Fine print: April 2012
Tropical spender
By G.D. Gearino
As far as capitalists go, I’m all talk. I think people ought to live rich and circulate as much money through the economy as possible, but I don’t actually do much circulating myself. In fact, the people I admire most are those who’ve managed to reduce their needs down to the bare-bones minimum, people like my buddy the legendary North Carolina newspaper columnist Dennis Rogers, who quit his job, shed his worldly goods and now lives in his ride. OK, it’s a pretty spectacular recreational vehicle, but even the most spacious of them still requires that you keep the air freshener handy — if you catch my drift. That’s when you know you’ve stripped life to its essentials.

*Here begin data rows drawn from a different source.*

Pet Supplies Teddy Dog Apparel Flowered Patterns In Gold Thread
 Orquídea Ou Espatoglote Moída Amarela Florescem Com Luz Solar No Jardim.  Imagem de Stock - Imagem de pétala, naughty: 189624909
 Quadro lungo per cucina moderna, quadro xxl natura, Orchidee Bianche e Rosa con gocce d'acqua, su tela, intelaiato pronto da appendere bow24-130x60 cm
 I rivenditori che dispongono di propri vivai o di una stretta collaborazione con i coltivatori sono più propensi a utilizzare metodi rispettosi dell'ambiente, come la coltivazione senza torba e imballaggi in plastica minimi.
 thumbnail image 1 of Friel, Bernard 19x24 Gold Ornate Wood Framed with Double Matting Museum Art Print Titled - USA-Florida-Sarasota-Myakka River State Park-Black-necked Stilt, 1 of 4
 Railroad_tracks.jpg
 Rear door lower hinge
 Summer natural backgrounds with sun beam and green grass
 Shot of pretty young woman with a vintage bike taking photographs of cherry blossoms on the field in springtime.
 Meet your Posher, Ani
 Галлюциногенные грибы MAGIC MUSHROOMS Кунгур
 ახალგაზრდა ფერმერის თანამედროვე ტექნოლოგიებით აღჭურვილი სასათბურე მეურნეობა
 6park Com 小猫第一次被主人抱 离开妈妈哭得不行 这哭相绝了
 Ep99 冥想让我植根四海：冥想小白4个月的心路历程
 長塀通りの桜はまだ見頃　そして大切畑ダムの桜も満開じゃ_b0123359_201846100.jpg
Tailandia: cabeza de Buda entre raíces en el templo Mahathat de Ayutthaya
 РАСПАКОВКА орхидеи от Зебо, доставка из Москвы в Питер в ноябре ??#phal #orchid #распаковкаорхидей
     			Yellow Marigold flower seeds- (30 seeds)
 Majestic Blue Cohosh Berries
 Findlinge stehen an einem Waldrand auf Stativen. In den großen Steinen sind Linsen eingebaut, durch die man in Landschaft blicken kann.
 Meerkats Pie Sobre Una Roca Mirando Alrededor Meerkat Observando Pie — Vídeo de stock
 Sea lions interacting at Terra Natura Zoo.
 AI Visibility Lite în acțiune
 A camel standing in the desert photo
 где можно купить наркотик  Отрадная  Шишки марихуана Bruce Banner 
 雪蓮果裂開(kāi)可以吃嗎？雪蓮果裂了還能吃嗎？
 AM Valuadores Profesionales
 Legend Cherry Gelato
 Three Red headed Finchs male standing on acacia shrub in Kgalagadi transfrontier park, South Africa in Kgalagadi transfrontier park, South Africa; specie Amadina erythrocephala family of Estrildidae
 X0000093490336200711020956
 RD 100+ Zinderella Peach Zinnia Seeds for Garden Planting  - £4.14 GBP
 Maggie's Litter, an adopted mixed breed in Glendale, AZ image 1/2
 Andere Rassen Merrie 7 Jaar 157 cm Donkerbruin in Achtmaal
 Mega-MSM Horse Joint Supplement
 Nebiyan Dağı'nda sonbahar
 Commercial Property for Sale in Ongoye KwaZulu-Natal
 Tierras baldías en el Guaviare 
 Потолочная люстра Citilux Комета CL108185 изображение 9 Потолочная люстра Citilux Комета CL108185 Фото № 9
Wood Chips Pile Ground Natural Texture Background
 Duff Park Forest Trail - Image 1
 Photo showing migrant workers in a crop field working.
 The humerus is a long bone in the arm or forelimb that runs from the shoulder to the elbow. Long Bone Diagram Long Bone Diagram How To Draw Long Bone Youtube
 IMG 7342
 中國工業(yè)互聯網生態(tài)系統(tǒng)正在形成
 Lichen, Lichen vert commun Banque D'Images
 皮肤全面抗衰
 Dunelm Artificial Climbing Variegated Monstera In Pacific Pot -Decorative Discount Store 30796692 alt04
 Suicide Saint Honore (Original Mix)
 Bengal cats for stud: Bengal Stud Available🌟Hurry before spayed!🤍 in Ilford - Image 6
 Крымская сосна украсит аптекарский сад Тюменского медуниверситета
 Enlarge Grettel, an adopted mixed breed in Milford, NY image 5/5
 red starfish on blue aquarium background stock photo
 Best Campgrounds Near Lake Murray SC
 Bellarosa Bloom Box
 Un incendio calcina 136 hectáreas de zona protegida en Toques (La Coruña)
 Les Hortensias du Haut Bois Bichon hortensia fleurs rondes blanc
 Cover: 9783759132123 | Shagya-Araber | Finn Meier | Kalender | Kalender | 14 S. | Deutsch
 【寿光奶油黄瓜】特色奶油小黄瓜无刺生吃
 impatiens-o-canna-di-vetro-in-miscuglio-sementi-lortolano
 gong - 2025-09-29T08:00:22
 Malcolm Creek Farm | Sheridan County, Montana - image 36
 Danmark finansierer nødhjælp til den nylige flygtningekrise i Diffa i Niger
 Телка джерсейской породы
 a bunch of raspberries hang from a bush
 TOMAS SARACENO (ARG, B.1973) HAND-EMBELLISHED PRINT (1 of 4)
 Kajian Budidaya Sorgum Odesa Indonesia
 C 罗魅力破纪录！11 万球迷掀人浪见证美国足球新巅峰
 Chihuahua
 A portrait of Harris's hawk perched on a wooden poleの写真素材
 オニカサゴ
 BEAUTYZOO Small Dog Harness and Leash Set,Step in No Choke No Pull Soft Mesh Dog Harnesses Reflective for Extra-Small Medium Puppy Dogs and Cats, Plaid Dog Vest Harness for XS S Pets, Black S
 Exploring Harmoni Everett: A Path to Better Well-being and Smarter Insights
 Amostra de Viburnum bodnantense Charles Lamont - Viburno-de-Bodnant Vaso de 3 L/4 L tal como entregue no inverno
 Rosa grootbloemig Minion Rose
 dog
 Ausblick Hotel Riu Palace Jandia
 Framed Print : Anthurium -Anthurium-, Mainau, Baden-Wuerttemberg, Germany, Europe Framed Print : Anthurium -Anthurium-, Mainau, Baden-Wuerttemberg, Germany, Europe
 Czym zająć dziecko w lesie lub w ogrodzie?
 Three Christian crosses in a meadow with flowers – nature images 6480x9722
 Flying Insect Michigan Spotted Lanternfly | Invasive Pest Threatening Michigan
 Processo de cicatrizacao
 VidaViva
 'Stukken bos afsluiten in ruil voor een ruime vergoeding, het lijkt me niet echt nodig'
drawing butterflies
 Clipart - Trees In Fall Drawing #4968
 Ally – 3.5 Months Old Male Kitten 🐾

It was jarring, then, to find myself living like a one-percenter a few weeks ago, cruising around the Caribbean and waking each day wondering what new and inventive money-circulating opportunities would present themselves. It was fun, but more than that it was educational. Here’s what I learned from my Week of Living Large.
Pricing in the islands is … well, let’s say “flexible.” To step off the cruise ship was to step into a world where the cost of anything was subject to instant change, usually upward. In St. Lucia, we hired a driver to take us around the island (which, by the way, is one of the most gorgeous places on Earth). At one point, as we approached a rum distillery, he said it offered tours and had a tasting room. “Five dollars per person.” Being both curious and thirsty, we agreed. But when we got there, the woman at the door said, “Ten dollars per person.” We paid, because it seemed churlish to argue. After our fees were collected, we were herded into the distillery, passing a sign that said tours were $3 per person. Fret not, fellow consumers. I got my $10 worth in the tasting room. My favorite was the Bounty label (which the natives pronounce “Boonty”). I even left with a bottle of my own. More about that in a moment.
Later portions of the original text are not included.